_Data records:_
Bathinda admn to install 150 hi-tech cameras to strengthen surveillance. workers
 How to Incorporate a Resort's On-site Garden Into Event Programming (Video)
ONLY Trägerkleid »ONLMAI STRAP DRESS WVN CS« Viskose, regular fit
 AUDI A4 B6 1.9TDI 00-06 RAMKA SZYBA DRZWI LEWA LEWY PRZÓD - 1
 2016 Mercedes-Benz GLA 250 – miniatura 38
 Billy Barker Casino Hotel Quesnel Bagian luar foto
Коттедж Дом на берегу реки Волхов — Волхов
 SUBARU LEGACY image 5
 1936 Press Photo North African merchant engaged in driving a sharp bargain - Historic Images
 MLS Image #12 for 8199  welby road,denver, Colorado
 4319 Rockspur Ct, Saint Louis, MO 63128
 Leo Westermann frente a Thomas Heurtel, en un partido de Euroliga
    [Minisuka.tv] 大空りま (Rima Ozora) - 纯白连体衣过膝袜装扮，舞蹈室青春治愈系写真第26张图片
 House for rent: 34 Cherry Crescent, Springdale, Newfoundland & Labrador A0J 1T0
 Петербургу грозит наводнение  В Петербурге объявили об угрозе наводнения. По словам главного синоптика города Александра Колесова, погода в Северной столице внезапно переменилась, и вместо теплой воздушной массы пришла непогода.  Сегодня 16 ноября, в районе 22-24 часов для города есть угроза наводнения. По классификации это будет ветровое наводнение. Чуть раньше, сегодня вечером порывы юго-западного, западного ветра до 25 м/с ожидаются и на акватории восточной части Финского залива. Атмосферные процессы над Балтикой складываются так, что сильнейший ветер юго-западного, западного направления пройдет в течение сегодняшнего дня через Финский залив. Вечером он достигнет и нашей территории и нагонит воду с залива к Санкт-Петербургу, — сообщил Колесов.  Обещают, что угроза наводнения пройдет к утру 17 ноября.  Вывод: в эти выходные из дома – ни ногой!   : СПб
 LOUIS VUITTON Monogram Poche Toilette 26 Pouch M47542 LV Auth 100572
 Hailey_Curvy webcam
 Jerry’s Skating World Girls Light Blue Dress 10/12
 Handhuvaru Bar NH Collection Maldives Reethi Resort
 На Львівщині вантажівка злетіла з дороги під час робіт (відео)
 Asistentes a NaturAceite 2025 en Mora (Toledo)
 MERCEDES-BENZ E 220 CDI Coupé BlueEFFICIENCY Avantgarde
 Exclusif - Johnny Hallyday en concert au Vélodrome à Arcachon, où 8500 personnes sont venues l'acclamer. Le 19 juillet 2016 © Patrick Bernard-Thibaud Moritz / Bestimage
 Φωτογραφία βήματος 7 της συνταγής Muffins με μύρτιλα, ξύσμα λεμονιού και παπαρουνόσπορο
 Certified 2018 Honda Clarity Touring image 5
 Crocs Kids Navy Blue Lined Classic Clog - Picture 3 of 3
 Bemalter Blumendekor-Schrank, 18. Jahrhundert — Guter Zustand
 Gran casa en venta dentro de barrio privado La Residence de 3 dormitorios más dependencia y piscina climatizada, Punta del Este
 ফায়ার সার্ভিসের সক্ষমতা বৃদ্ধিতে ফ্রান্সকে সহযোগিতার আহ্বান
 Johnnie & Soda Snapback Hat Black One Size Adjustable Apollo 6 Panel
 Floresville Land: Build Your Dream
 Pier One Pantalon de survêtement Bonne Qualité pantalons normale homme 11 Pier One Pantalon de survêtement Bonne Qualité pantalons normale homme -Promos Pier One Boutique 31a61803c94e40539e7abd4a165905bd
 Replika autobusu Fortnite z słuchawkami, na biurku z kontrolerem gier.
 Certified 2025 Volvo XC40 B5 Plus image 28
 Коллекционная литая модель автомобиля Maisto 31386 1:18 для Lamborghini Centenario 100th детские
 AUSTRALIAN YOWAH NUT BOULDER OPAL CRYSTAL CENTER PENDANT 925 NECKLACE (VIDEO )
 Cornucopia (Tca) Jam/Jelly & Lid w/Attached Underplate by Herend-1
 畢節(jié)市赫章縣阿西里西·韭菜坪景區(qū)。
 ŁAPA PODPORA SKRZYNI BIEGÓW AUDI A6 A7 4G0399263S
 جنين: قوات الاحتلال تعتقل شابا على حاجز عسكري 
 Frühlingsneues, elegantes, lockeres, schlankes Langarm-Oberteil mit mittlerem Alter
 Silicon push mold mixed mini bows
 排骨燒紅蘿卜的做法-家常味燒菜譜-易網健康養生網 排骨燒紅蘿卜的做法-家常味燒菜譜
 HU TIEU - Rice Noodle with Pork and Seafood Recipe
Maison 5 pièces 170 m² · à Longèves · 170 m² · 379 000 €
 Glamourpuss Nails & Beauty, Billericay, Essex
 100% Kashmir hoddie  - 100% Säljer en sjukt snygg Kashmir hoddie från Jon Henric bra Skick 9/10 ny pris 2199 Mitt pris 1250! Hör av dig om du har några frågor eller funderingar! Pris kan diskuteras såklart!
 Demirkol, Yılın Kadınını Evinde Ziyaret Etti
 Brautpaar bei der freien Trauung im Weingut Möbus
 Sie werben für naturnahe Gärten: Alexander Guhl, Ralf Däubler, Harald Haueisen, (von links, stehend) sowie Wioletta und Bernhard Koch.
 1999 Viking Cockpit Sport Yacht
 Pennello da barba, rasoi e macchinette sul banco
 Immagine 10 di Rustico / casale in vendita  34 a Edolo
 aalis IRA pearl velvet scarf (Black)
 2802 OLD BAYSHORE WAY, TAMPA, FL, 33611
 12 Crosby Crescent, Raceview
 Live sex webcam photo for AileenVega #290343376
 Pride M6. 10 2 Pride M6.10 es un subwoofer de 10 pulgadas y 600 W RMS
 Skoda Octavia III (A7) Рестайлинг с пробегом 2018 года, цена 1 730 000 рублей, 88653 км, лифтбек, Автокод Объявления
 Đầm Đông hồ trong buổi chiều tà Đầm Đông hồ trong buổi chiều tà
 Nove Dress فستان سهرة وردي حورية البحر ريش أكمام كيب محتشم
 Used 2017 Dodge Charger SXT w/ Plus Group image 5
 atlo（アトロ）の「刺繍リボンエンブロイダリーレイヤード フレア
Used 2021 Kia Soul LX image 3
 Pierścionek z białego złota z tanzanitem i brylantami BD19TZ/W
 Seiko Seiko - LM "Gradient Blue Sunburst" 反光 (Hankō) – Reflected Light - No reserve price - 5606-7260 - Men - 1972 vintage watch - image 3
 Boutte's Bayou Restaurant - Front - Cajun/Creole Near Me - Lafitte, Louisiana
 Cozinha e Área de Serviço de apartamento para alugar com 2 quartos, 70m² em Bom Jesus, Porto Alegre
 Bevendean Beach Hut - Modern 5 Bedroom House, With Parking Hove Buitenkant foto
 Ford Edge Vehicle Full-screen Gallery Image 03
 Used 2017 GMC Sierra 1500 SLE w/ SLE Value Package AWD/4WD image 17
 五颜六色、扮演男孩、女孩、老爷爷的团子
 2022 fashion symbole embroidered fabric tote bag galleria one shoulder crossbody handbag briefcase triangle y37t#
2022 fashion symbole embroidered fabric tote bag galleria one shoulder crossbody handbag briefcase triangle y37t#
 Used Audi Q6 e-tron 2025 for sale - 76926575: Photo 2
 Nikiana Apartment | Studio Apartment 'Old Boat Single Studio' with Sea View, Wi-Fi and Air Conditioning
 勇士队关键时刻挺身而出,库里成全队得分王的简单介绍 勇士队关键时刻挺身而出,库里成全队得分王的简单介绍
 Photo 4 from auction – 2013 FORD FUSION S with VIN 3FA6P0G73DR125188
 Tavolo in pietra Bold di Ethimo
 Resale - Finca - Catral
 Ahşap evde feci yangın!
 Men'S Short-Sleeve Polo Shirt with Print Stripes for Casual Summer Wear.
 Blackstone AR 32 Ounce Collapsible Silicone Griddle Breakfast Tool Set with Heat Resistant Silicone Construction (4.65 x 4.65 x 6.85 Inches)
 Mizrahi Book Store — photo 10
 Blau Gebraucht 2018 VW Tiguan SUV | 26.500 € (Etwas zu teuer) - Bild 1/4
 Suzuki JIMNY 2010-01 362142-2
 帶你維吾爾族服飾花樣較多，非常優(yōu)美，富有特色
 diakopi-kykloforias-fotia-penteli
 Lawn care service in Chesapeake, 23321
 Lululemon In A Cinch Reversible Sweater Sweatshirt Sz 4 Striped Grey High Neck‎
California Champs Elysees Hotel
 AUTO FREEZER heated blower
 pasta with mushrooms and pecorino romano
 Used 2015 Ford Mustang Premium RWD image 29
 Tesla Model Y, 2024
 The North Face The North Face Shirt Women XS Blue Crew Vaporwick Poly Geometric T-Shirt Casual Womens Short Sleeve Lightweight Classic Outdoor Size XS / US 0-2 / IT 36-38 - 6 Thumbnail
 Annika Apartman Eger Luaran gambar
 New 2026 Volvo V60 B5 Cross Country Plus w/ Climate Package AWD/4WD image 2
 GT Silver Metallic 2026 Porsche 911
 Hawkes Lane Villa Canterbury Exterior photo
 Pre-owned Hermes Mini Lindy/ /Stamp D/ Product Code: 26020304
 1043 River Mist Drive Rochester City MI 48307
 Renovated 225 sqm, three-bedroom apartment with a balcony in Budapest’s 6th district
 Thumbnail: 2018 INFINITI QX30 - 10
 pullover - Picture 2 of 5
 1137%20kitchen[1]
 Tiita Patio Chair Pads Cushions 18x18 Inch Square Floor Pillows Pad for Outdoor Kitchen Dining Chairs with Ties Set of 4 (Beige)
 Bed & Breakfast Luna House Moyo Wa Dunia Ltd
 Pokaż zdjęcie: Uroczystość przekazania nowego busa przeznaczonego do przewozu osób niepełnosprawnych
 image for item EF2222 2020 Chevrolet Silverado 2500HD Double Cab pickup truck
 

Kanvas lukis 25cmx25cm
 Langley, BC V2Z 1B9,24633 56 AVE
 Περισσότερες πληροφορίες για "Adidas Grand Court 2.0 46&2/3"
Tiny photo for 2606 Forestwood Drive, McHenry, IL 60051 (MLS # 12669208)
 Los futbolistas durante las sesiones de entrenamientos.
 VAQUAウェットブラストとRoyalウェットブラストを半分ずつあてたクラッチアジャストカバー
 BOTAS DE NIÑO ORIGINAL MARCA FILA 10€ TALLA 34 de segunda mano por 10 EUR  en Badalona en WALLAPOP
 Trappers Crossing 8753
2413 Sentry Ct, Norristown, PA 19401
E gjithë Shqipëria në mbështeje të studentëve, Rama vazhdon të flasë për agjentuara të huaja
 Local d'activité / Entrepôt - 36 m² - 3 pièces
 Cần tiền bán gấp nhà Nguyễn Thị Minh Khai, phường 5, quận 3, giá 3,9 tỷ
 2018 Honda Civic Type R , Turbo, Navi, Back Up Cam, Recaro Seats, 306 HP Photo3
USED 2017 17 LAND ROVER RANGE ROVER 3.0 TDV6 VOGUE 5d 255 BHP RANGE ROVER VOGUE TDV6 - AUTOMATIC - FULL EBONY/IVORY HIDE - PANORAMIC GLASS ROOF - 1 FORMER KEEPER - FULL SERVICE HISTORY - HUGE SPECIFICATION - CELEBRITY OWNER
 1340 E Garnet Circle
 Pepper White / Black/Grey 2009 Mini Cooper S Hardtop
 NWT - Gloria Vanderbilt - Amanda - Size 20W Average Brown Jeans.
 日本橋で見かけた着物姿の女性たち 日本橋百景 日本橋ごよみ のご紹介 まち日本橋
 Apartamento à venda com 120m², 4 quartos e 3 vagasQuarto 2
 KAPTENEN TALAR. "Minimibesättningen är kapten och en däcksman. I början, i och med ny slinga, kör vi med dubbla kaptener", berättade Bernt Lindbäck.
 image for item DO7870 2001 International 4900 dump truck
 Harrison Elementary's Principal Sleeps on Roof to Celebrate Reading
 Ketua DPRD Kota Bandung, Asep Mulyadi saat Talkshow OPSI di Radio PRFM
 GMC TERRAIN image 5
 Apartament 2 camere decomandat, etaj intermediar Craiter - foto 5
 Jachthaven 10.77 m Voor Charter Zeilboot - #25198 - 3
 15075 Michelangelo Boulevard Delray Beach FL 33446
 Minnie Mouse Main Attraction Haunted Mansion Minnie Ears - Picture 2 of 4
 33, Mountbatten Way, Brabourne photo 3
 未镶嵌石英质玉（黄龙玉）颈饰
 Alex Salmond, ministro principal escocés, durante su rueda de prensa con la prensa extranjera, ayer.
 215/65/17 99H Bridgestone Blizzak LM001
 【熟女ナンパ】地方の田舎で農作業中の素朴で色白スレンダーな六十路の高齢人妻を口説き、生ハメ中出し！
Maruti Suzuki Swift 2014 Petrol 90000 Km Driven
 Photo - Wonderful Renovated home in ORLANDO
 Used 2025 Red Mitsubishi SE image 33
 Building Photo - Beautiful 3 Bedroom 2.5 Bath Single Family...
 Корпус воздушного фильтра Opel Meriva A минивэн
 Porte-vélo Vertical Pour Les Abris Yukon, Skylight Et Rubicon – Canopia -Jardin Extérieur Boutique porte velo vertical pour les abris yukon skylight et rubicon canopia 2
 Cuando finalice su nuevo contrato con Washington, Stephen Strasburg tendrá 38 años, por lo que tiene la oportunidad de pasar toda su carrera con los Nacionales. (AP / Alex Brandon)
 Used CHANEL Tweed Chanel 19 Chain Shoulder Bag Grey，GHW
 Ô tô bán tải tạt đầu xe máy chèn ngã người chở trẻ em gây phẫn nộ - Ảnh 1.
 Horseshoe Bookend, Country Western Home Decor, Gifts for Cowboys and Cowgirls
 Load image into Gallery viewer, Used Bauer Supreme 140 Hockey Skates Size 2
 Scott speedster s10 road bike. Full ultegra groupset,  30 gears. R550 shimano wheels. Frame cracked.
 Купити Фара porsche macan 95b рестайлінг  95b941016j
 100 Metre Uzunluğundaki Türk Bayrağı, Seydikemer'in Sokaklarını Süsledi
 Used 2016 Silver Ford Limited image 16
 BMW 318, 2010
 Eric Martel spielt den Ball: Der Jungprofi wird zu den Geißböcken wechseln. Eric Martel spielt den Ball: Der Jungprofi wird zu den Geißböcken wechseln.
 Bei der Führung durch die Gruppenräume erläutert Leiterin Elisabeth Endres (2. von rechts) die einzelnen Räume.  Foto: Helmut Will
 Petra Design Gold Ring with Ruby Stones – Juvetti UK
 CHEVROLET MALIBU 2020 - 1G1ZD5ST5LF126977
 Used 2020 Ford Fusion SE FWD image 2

_Exercise:_ Above are the records; copy exactly the lines from the line with "Used 2015 Ford Mustang Premium RWD image 29" through the line with "2413 Sentry Ct, Norristown, PA 19401", both included.

_Solved exercise:_
 Used 2015 Ford Mustang Premium RWD image 29
 Tesla Model Y, 2024
 The North Face The North Face Shirt Women XS Blue Crew Vaporwick Poly Geometric T-Shirt Casual Womens Short Sleeve Lightweight Classic Outdoor Size XS / US 0-2 / IT 36-38 - 6 Thumbnail
 Annika Apartman Eger Luaran gambar
 New 2026 Volvo V60 B5 Cross Country Plus w/ Climate Package AWD/4WD image 2
 GT Silver Metallic 2026 Porsche 911
 Hawkes Lane Villa Canterbury Exterior photo
 Pre-owned Hermes Mini Lindy/ /Stamp D/ Product Code: 26020304
 1043 River Mist Drive Rochester City MI 48307
 Renovated 225 sqm, three-bedroom apartment with a balcony in Budapest’s 6th district
 Thumbnail: 2018 INFINITI QX30 - 10
 pullover - Picture 2 of 5
 1137%20kitchen[1]
 Tiita Patio Chair Pads Cushions 18x18 Inch Square Floor Pillows Pad for Outdoor Kitchen Dining Chairs with Ties Set of 4 (Beige)
 Bed & Breakfast Luna House Moyo Wa Dunia Ltd
 Pokaż zdjęcie: Uroczystość przekazania nowego busa przeznaczonego do przewozu osób niepełnosprawnych
 image for item EF2222 2020 Chevrolet Silverado 2500HD Double Cab pickup truck
 

Kanvas lukis 25cmx25cm
 Langley, BC V2Z 1B9,24633 56 AVE
 Περισσότερες πληροφορίες για "Adidas Grand Court 2.0 46&2/3"
Tiny photo for 2606 Forestwood Drive, McHenry, IL 60051 (MLS # 12669208)
 Los futbolistas durante las sesiones de entrenamientos.
 VAQUAウェットブラストとRoyalウェットブラストを半分ずつあてたクラッチアジャストカバー
 BOTAS DE NIÑO ORIGINAL MARCA FILA 10€ TALLA 34 de segunda mano por 10 EUR  en Badalona en WALLAPOP
 Trappers Crossing 8753
2413 Sentry Ct, Norristown, PA 19401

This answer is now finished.